**Records provided**
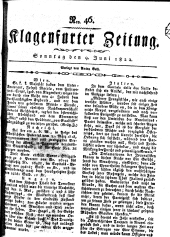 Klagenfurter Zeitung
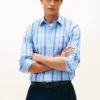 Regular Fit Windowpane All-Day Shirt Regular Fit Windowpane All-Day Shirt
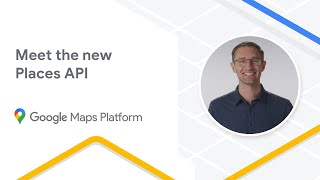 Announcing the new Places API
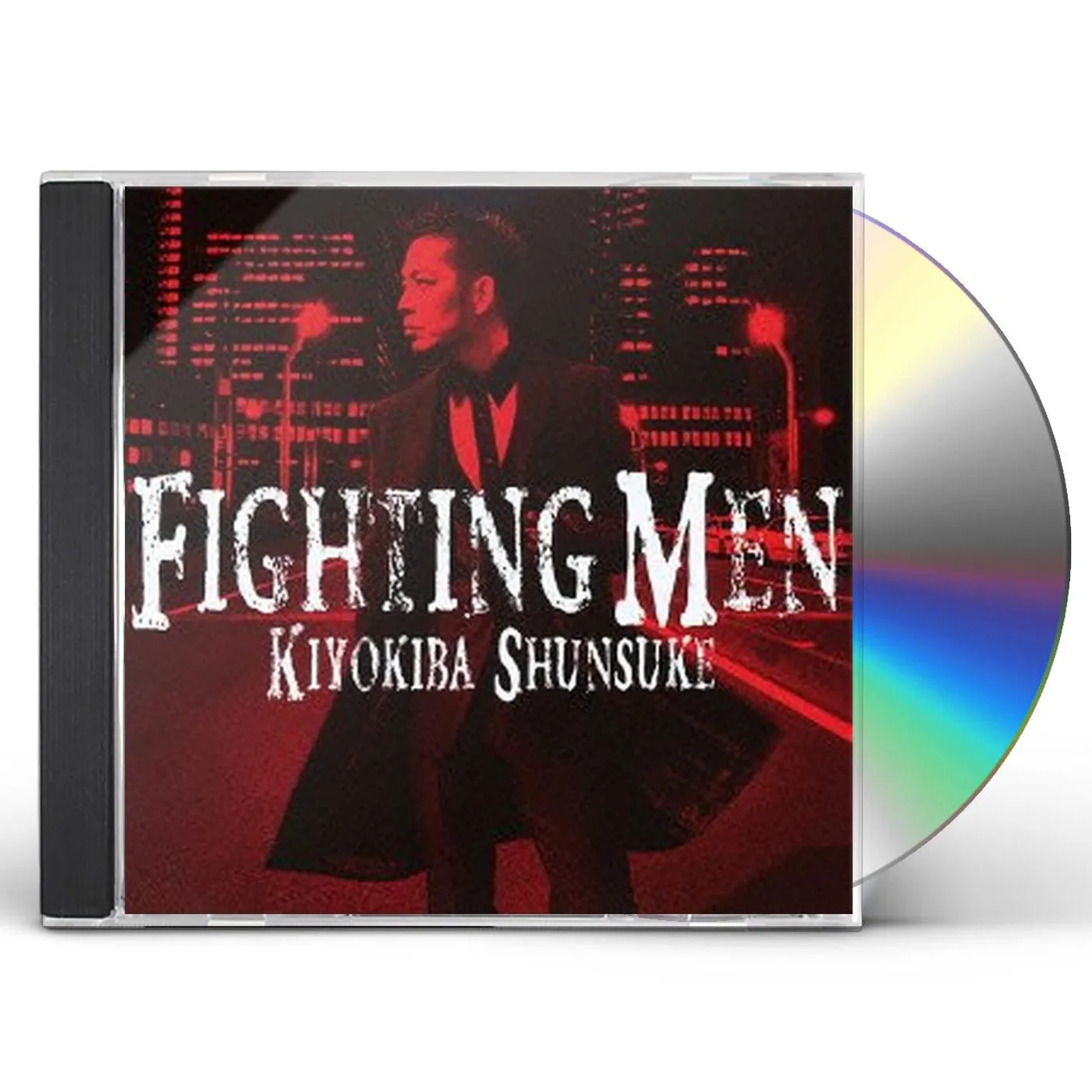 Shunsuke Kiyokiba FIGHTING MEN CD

--

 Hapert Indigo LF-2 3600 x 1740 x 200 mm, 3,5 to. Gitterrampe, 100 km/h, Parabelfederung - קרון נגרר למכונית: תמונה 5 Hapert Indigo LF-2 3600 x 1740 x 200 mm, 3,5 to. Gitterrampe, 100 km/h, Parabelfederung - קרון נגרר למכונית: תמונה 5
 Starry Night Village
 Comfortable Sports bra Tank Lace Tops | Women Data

* * *

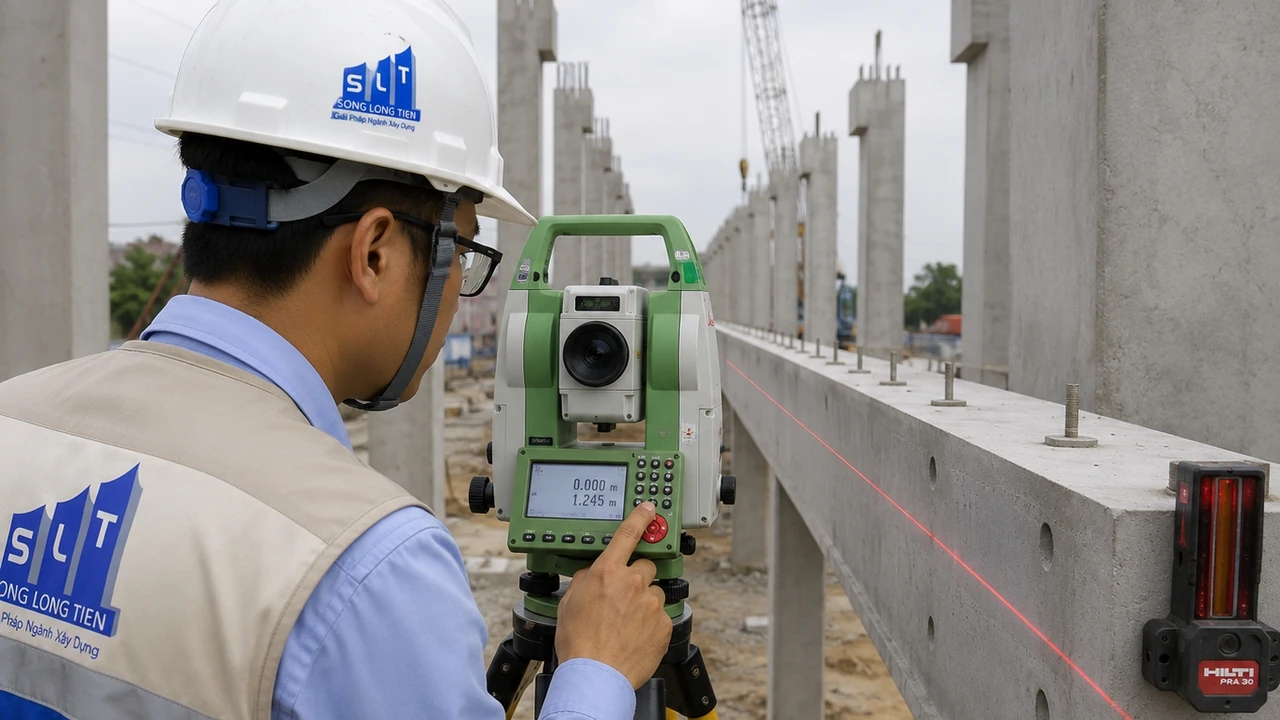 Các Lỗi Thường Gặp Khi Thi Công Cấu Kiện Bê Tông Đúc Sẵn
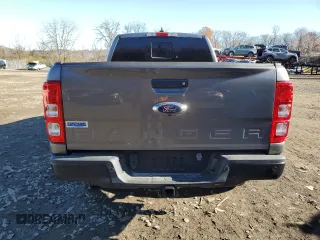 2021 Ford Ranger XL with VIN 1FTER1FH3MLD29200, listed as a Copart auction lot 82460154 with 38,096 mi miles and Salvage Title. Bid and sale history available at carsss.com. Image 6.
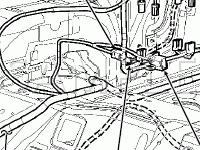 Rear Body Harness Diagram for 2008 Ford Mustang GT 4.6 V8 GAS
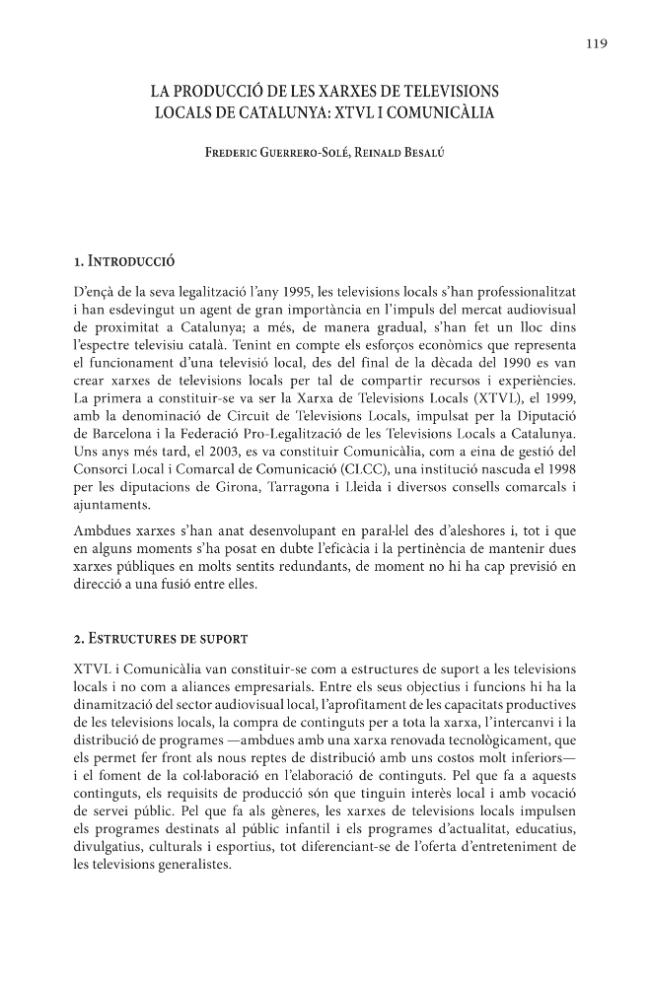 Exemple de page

**What the task asks**
Pictures are to be left out. Write out only the lines above starting at the one with "Rear Body Harness" and ending at the one with "Exemple de page", both lines included, exactly.

**Solution to the problem**
 Rear Body Harness Diagram for 2008 Ford Mustang GT 4.6 V8 GAS
 Exemple de page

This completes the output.